§ Task item: Tally the lines of the listing below in which the string "Brats" occurs, and give the tally alone.

§ Given entries:
****

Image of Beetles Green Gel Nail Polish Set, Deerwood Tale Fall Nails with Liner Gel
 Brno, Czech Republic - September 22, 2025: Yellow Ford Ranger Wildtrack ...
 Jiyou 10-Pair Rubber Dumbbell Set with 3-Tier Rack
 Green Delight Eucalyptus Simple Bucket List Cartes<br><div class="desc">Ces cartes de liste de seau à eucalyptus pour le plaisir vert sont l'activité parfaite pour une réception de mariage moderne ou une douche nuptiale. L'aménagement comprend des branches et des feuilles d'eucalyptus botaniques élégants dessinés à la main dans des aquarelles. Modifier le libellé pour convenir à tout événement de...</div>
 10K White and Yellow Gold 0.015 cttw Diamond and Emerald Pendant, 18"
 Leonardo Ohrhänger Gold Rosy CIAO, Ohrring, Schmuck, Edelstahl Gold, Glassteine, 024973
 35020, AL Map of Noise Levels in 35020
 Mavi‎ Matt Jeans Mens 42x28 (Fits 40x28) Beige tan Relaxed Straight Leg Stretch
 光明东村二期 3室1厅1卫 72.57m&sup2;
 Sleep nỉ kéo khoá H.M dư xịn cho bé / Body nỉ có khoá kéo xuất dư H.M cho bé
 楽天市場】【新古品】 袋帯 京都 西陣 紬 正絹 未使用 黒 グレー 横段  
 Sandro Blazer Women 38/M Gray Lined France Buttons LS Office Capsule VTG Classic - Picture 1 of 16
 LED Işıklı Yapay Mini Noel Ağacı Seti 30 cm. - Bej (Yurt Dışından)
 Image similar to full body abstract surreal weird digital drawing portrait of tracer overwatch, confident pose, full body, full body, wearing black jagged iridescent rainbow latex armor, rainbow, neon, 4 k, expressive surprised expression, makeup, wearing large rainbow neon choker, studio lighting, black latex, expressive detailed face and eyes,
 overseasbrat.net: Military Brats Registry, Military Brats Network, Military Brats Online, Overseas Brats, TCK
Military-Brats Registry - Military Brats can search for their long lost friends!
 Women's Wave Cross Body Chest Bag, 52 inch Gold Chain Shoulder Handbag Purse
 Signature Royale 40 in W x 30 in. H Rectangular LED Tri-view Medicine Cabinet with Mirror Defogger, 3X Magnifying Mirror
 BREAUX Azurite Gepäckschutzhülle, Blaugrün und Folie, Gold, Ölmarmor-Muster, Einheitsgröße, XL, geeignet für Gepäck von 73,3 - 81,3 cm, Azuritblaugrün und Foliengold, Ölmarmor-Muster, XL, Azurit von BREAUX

****

§ Output below: 2